The statement stressed that "if one of those released will return to engage in hostile activity against Israel, he will be returned to complete his sentence".

A small group of victims' relatives had protested against the releases outside the Israeli Supreme Court in Jerusalem.

"These are not political prisoners, they are terrorists and murderers who will be returning home to a hero's welcome," said Gila Molcho, whose brother Ian Feinberg was murdered by gunmen while working in a European Union-funded aid office in Gaza in 1993.

"My brother was a lawyer, a man of justice, and we also deserve justice," she said.

Also approved for release are two men jailed for carrying out a knife-attack on a crowded bus in Ramat Gan in 1990, killing one man and wounding three other passengers. Husseini Sawalha and Mohamed Abdel Majid Sawalha were both arrested in December 1990.

Gila Molcho, sister of Ian Feinberg (11 Aug 2013)

Gila Molcho held a picture of her brother, Ian, murdered in 1993

A total of 104 Palestinians jailed for attacks carried out before 1993 are due to be freed in four stages over the next few months, as part of the agreement to restart US-brokered direct peace talks after a three-year hiatus.

The victims' families can appeal to the Supreme Court, but it rarely intervenes in such cases.

Health Minister Yael German told Israeli public radio that the prisoner release was painful but appropriate for the sake of peace. She was quoted as saying the dialogue with the Palestinians was like a baby, which could die at any moment given the wrong care.

Prisoner affairs minister Issa Qaraqa described the decision as a strategic step towards the release of all Palestinian detainees.

'Dangerous policy'

The Israeli announcements on prisoner releases and settlement construction were reportedly co-ordinated with US officials as part of the pre-talks framework agreed by Israeli and Palestinian negotiators in Washington in late July.

Palestinians condemned the Israeli ministry of housing's decision to issue tenders for building 793 housing units in East Jerusalem and 394 elsewhere in the West Bank, but stopped short of threatening to abandon the talks.

Hanan Ashrawi, a member of the Palestine Liberation Organisation (PLO) executive committee, told the BBC that Israel was deliberately sending a message to the US that it would press ahead with "stealing more land" regardless of any attempt at launching negotiations.

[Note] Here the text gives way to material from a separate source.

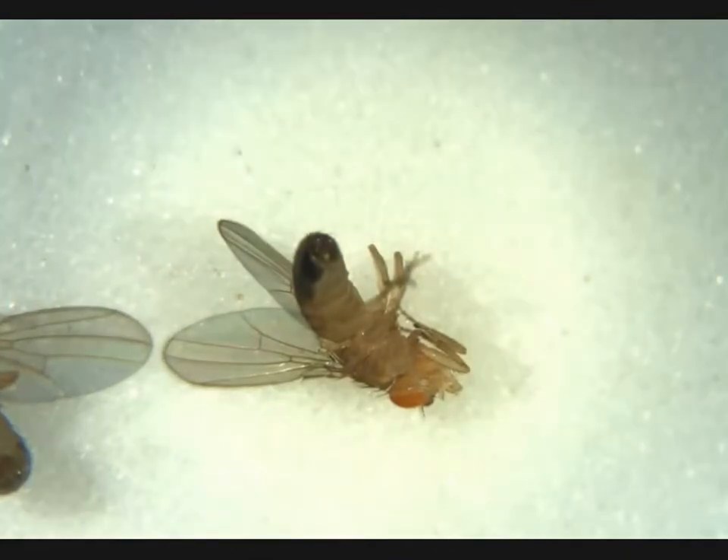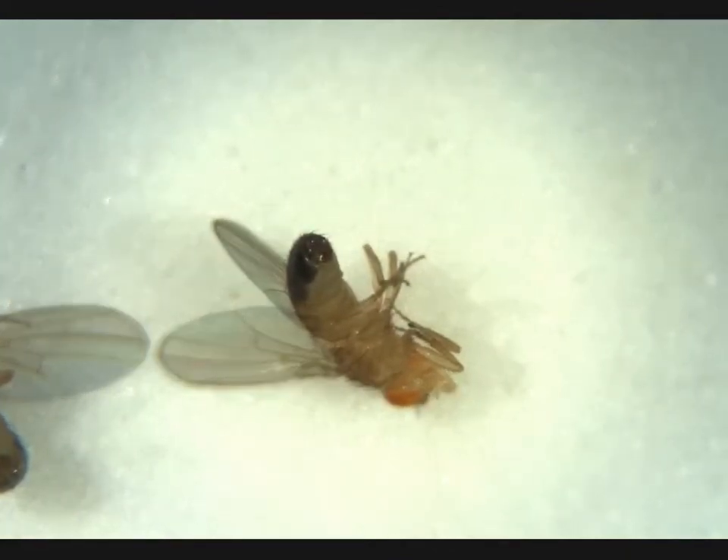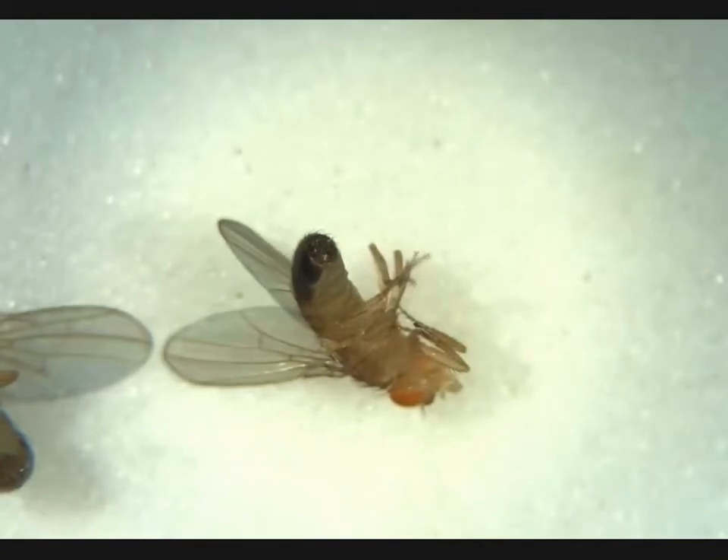Here we have another female. No penis apparatus, no obvious meconium — adult. Here we have another male. We'll adjust our focus. We can see a penis apparatus here. That's an adult male, no meconium.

Palestinians reacted angrily to Israel's approval of plans for nearly 1,200 new Jewish settlement homes

Chief negotiator Saeb Erekat told the Reuters news agency: "If the Israeli government believes that every week they're going to cross a red line by settlement activity, if they go with this behaviour, what they're advertising is the unsustainability of the negotiations."

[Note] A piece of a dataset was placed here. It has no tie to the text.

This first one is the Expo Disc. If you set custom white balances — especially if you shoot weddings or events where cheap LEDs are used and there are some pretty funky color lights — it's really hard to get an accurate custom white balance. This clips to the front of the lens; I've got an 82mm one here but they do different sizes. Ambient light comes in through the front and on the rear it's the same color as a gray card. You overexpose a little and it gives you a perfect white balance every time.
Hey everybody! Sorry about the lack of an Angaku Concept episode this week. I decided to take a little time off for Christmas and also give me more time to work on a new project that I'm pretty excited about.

Israeli government spokesman Mark Regev said the construction "in no way changes the final map of peace".

"The construction decided upon in Jerusalem and in the settlement blocs is in areas that will remain part of Israel in any possible peace agreement," he told the BBC.

However, Finance Minister Yair Lapid, whose centrist Yesh Atid party is the second largest in Israel's coalition government, said the decision to call for tenders was "unhelpful to the peace process".